WORK ORDER:
Locate the line containing "Films et télé Question: Qui est Jude Law ?", then please write out that line and all the lines below it in the entries exactly.

AVAILABLE DATA:

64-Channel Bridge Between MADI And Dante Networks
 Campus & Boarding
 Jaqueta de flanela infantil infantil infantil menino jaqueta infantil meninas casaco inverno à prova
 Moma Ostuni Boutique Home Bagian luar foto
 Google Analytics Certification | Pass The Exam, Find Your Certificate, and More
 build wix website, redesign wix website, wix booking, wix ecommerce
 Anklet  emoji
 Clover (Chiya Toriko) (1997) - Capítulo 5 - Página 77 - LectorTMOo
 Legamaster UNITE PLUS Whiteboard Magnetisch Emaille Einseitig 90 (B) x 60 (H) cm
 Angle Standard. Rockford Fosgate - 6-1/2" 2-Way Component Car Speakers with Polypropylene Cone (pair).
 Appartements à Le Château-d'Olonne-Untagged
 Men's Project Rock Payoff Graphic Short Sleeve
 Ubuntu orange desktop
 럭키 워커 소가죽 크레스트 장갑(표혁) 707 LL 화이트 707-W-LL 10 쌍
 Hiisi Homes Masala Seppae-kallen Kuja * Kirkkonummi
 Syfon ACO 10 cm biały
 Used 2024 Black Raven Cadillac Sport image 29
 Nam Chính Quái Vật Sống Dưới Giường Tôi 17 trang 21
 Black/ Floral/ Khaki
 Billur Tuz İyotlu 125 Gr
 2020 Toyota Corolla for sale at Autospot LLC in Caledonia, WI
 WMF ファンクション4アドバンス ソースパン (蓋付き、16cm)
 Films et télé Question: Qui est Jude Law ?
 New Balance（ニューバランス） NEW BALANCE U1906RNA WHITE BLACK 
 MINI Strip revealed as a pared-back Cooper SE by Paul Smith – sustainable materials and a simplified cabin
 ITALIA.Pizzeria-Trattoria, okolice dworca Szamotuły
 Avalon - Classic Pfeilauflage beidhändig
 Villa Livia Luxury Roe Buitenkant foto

TASK OUTPUT:
 Films et télé Question: Qui est Jude Law ?
 New Balance（ニューバランス） NEW BALANCE U1906RNA WHITE BLACK 
 MINI Strip revealed as a pared-back Cooper SE by Paul Smith – sustainable materials and a simplified cabin
 ITALIA.Pizzeria-Trattoria, okolice dworca Szamotuły
 Avalon - Classic Pfeilauflage beidhändig
 Villa Livia Luxury Roe Buitenkant foto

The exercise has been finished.